This is worth reading for a point I want to talk about today.
This kind of character smear ("he's not in his right mind," pronounced a 25-year-old who sort of knows him) is reserved for people who don't matter in the world of establishment journalists -- i.e., people without power or standing in Washington and, especially, those whom American Government authorities scorn. In official Washington, Assange is a contemptible loser -- the Pentagon hates him and wants him destroyed, and therefore the "reporters" who rely on, admire and identify with Pentagon officials immediately adopt that perspective -- and that's why he was the target of this type of attack. After I wrote my criticism of this article on Monday, I was contacted by Burns' co-writer, Ravi Somaiya, who defended this article from my criticisms.

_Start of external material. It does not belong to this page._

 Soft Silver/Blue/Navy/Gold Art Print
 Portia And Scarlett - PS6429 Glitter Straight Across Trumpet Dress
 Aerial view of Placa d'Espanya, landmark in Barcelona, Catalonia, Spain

I agreed to keep the exchange off-the-record at his insistence -- and I will do so -- but that was the question I kept asking: point to any instance where the NYT ever subjected Someone Who Matters in Washington to this kind of personality and mental health trashing based on the gossip and condemnation of associates. It does not exist.
If you had read the long-ass bullshit piece, it detailed all of his ways that Julian Assange - an enemy and target of the US Government's butthurt defensive stance via all those leaks Assange Wiki'd - is crazy and dangerously paranoid. Of the government. Who hates him. For leaking government documents. And he's crazy for thinking this way. Aaaaaaaaaaaaahyup.

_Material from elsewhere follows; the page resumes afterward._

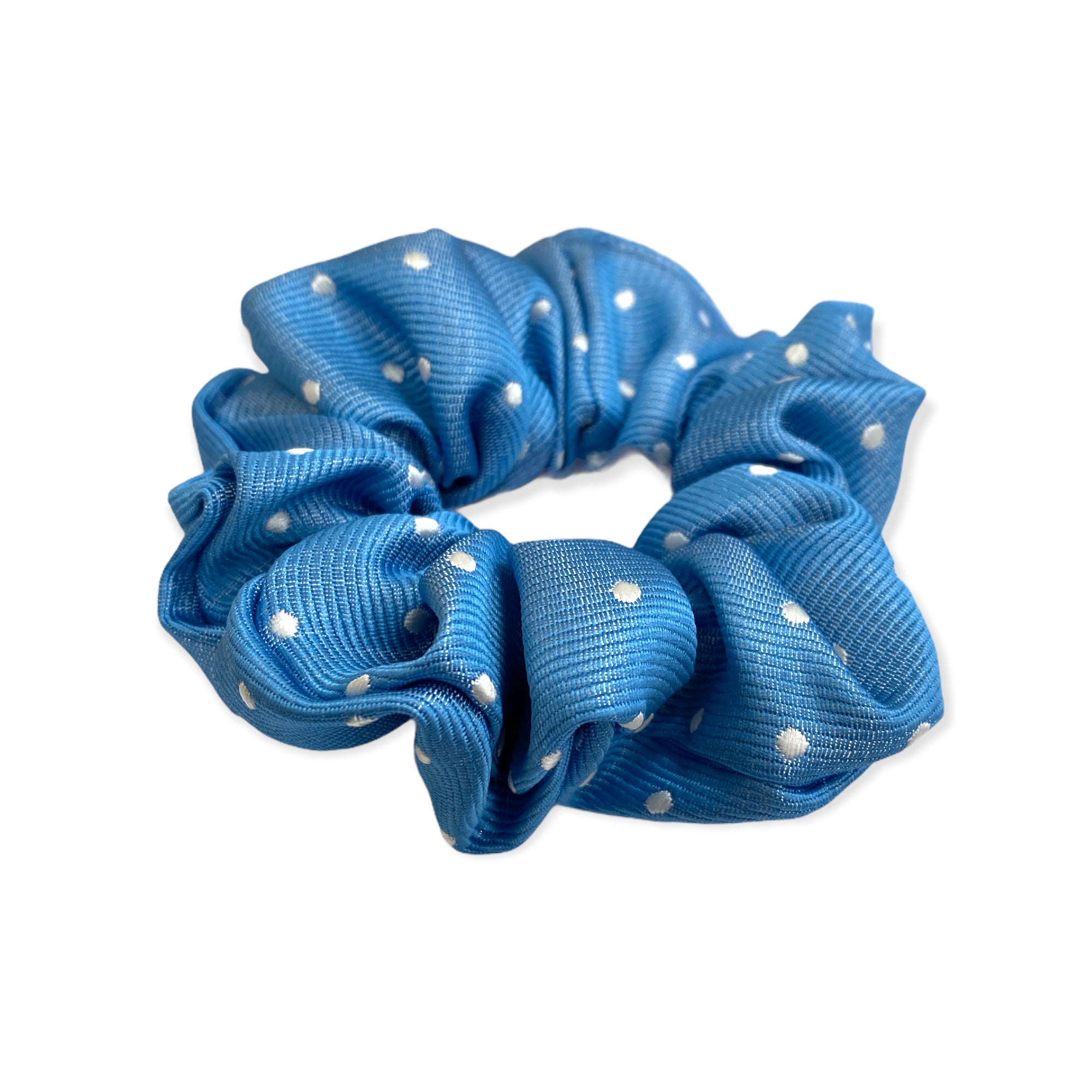 Equetech Polka Dot Hair Scrunchies - Lt Blue/White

This seriously isn't the New York Times' only stint of pulling this kind of ridiculous bullshit. I recall - admidst tears of laughter and holding my sides - the time when New York Times (though strangely not Burns) had a wonderful, tear-jerking ten page narrative about what a nice guy Glenn Beck is.

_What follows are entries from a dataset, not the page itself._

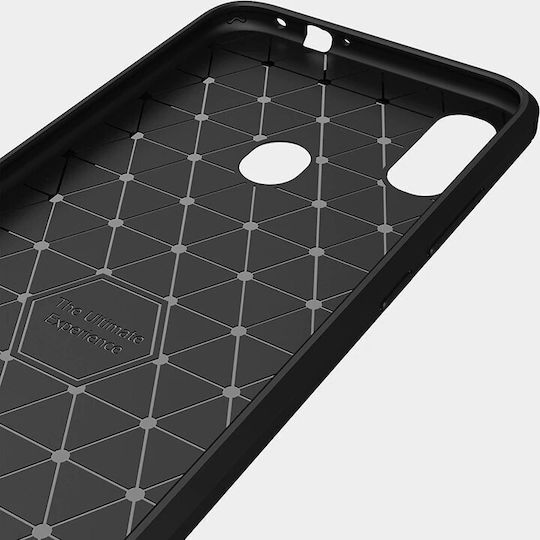 Hurtel Carbon Fiber Задна корица Силикон Черен (Redmi Note 7 / 7 Pro)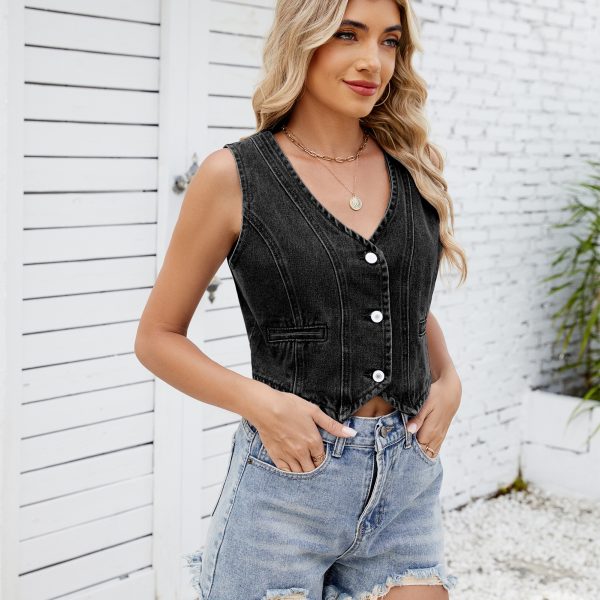 Women's Washed Denim Vest - Image 4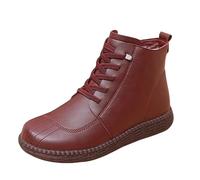 Snow Shoes for Women Ladies Black Boots Women's High Performance Warm Booties Soft Comfortable Can Adapt to The Cold Harsh Environment Warm Womens Booties (Red, 4)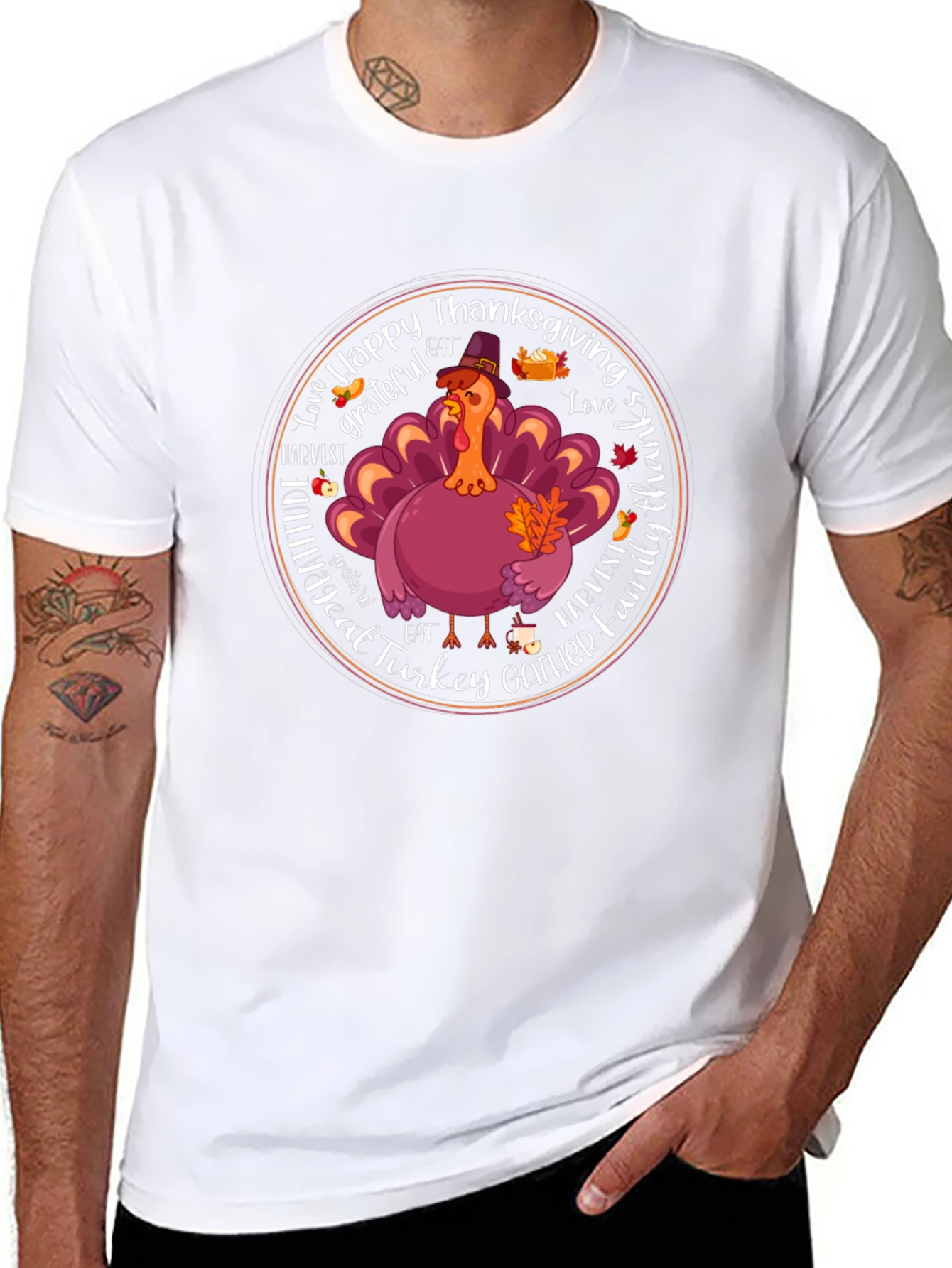 Black Happy Thanksgiving Turkey Graphic T-Shirt view 8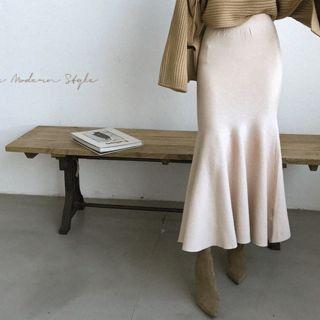 Band-waist Knit Maxi Mermaid Skirt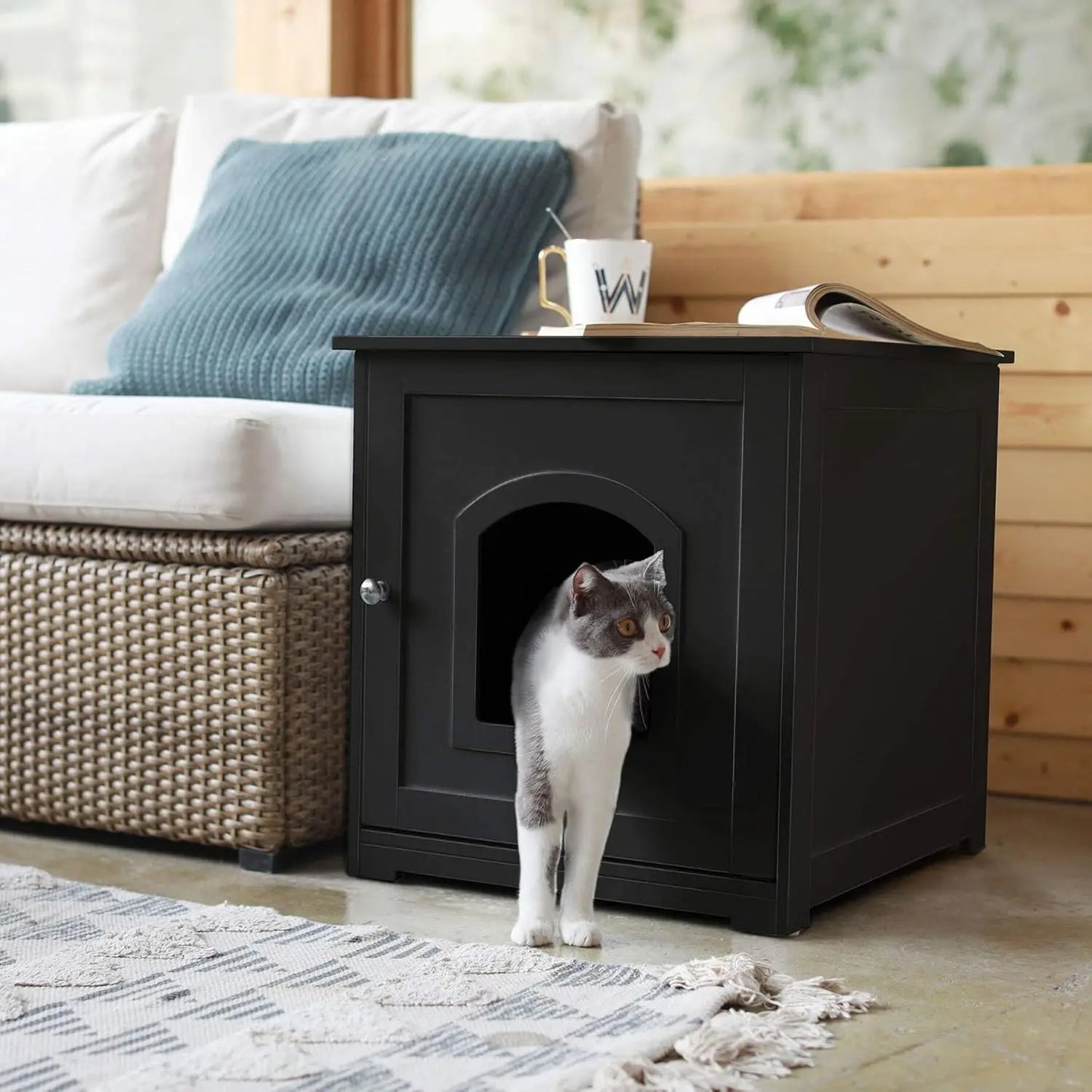 Hidden Litter Box Furniture Cabinet For Cats Conceals Odor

In person, Beck is sheepish and approachable, betraying none of the grandiosity or bluster you might expect from a man who predicted “the next Great Awakening” to a few hundred thousand people in late August at the Lincoln Memorial or who declared last year that the president has a “deep-seated hatred for white people or the white culture.” He wore a blue dress shirt tucked into jeans and brown loafers, which he kicked off as soon as he sat down. He showed little interest in the results from primary elections held the day before — upsets in Delaware and New York for Tea Party candidates whose followers often invoke Beck and Palin as spiritual leaders and even promote them as a prospective presidential ticket in 2012.
You can tell the writer in this instance is trying as hard as he can to be nice to Glenn Beck, but it comes off as needlessly neutral. Glenn Beck is the same guy who has no concept of how fair use works and insinuates outright that Disney just doesn't care about it. This is the same guy who blames everything he can on immigrants, be it blacks or latinos. This is the same guy who had his rally to restore racism on the same day as MLK's speech, and even though it was sheer apathy, he called it 'divine providence' and touted that God wished it to be so.
Being nice to Glenn Beck is not the same as trying to make Julian Assange look like a nut, but this is the kind of thing the New York Times has had prior experience with. Painting people who are outright full of shit like they're nice, approachable, decent people despite all that awful stuff you hear in their own radio show that they own that comes out of their mouth is right up the same alley as painting a ballsy, honest rebel like a nut.